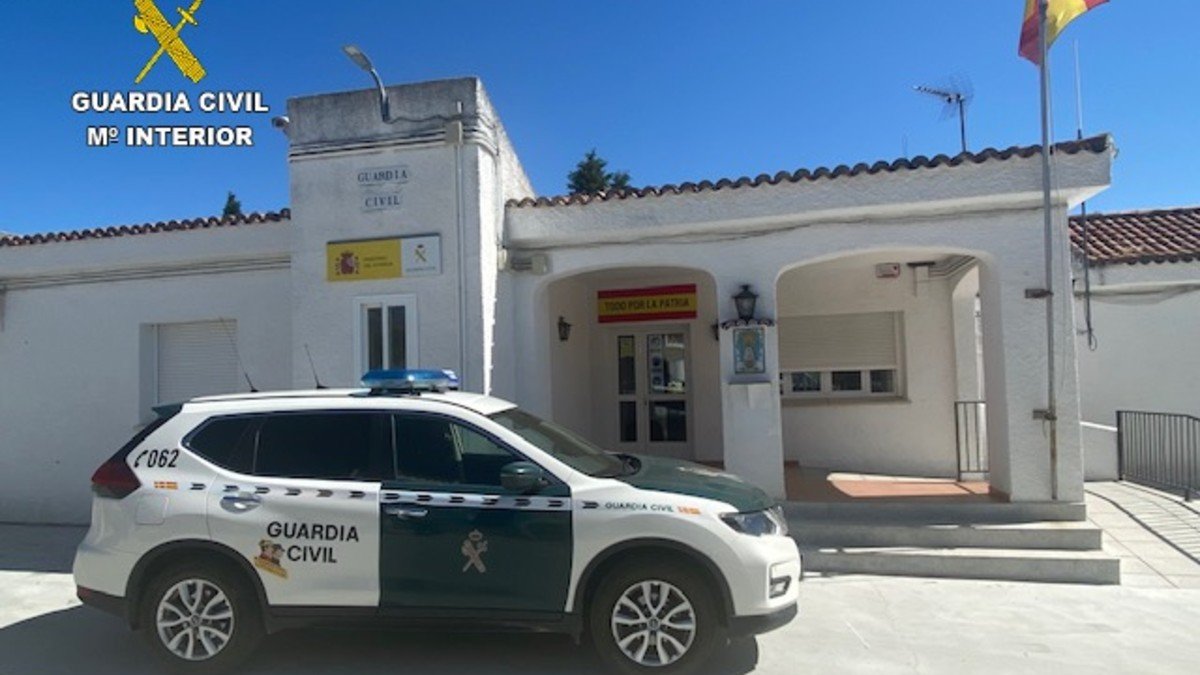 Agentes del puesto de la Guardia Civil de Escalona procedieron a la detención de la pareja. Foto: Guardia Civil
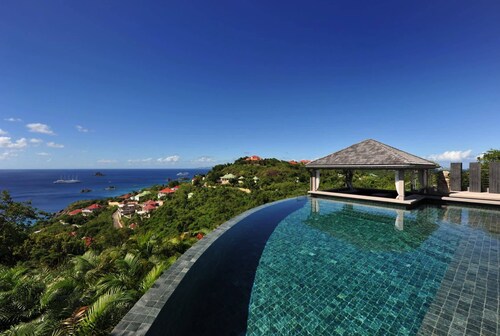 Beautiful 3 bedroom villa located within minutes of the beach and surrounded by green gardens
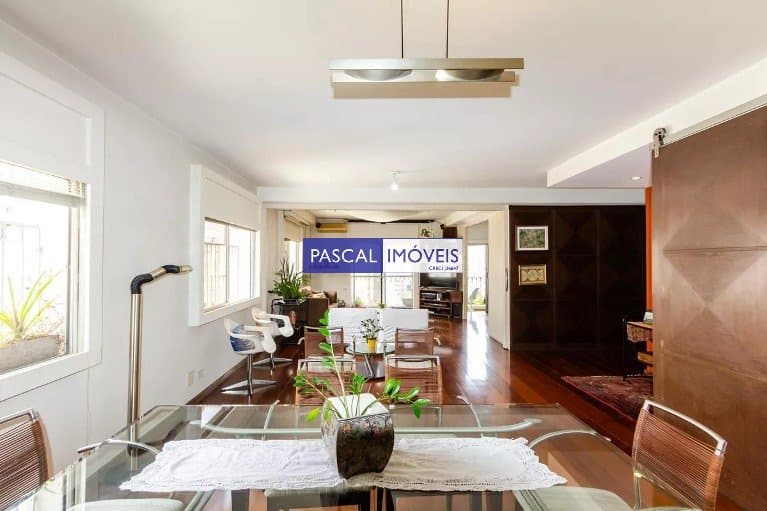 Apartamento em Itaim Bibi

Assignment - The answer should be the complete listing, set down exactly, without pictures.

Exercise answer -
 Agentes del puesto de la Guardia Civil de Escalona procedieron a la detención de la pareja. Foto: Guardia Civil
 Beautiful 3 bedroom villa located within minutes of the beach and surrounded by green gardens
 Apartamento em Itaim Bibi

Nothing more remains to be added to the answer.